Confirmation 27 mars 2025
Commentaire • 0
Sur la décision
| Référence : | CA Reims, ch. premier prés., 27 mars 2025, n° 25/00020 |
|---|---|
| Juridiction : | Cour d'appel de Reims |
| Numéro(s) : | 25/00020 |
| Importance : | Inédit |
| Décision précédente : | Tribunal de grande instance de Châlons-en-Champagne, 17 mars 2025 |
| Dispositif : | Autre |
| Date de dernière mise à jour : | 1 avril 2025 |
| Lire la décision sur le site de la juridiction |
Texte intégral
ORDONNANCE N°
du 27/03/2025
DOSSIER N° RG 25/00020 – N° Portalis DBVQ-V-B7J-FTX4
Monsieur [J] [K]
C/
EPSM DE LA MARNE
Madame [E] [Y]
ORDONNANCE DU PREMIER PRÉSIDENT
DE LA COUR D’APPEL DE REIMS
RENDUE EN MATIÈRE DE SOINS PSYCHIATRIQUES
Le vingt sept mars deux mille vingt cinq
A l’audience publique de la cour d’appel de Reims où était présent et siégeait Madame Catherine CHASSE, Conseiller délégué du premier président, régulièrement désignée par ordonnance, assistée de Monsieur Nicolas MUFFAT-GENDET, greffier
a été rendue l’ordonnance suivante :
ENTRE :
Monsieur [J] [K] – actuellement hospitalisé -
[Adresse 2]
[Localité 4]
Appelant d’une ordonnance en date du 17 mars 2025 rendue par le juge du siège du tribunal judiciaire de CHALONS EN CHAMPAGNE chargé du contrôle des mesures privatives ou restrisctives de liberté prévu par le code de la santé publique
Comparant assisté de Maître LEY substituant Maître ROGER avocat au barreau de REIMS
ET :
EPSM DE LA MARNE
[Adresse 1]
[Localité 3]
Madame [E] [Y]
[Adresse 6]
[Localité 5]
Non comparants, ni représentés
MINISTÈRE PUBLIC :
L’affaire a été communiquée au ministère public, représenté lors des débats par Madame Gwen Kéromnès, substitut général.
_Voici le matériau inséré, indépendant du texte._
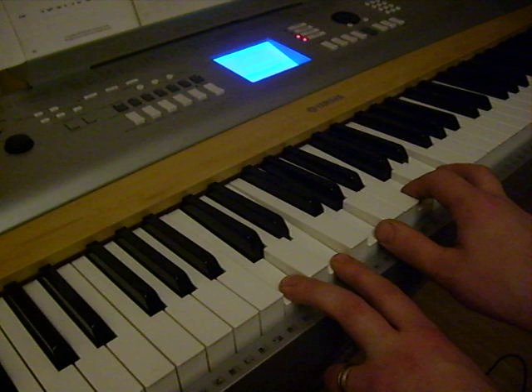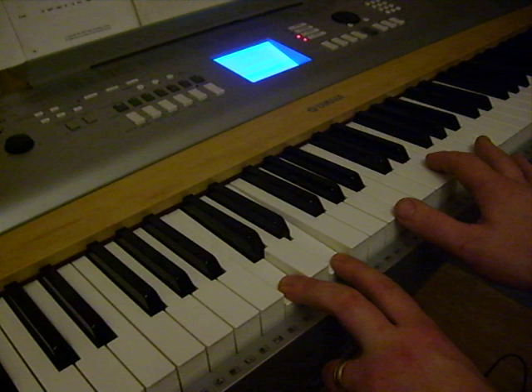Left hand stays where it is, playing the same keys. Right hand: A, E, and a high A.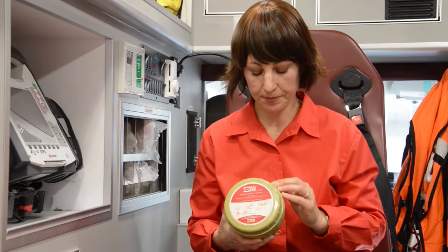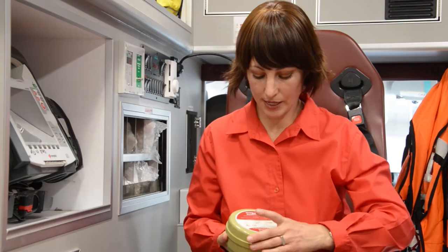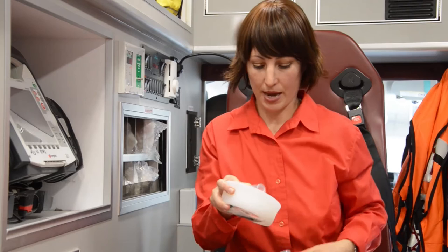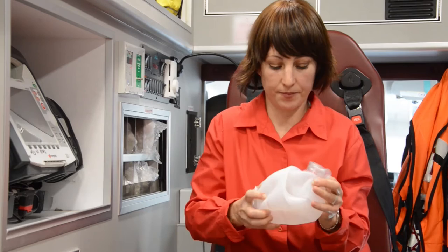The Pocket BVM with O2 comes with an extension oxygen tube. Opening it up is very simple: you just screw open the lid, take off the mask, pull the balloon from either side, and add the mask.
Régulièrement convoqués pour l’audience du 25 mars 2025 15:00,
À ladite audience, tenue publiquement, Madame Catherine CHASSE, Conseiller délégué du premier président, assistée de Monsieur Nicolas MUFFAT-GENDET, greffier, a entendu Monsieur [J] [K] en ses explications ainsi que son conseil et le ministère public en ses observations, Monsieur [J] [K] ayant eu la parole en dernier puis l’affaire a été mise en délibéré au 27 mars 2025.
Et ce jour, a été rendue l’ordonnance suivante, par mise à disposition au greffe de la cour, les parties présentes à l’audience ayant été préalablement avisées dans les conditions prévues au deuxième alinéa de l’article 450 du code de procédure civile, et a été signée par Madame Catherine CHASSE, Conseiller délégué du premier président, et Monsieur Nicolas MUFFAT-GENDET, greffier, auquel la minute de la décision a été remise par le magistrat signataire.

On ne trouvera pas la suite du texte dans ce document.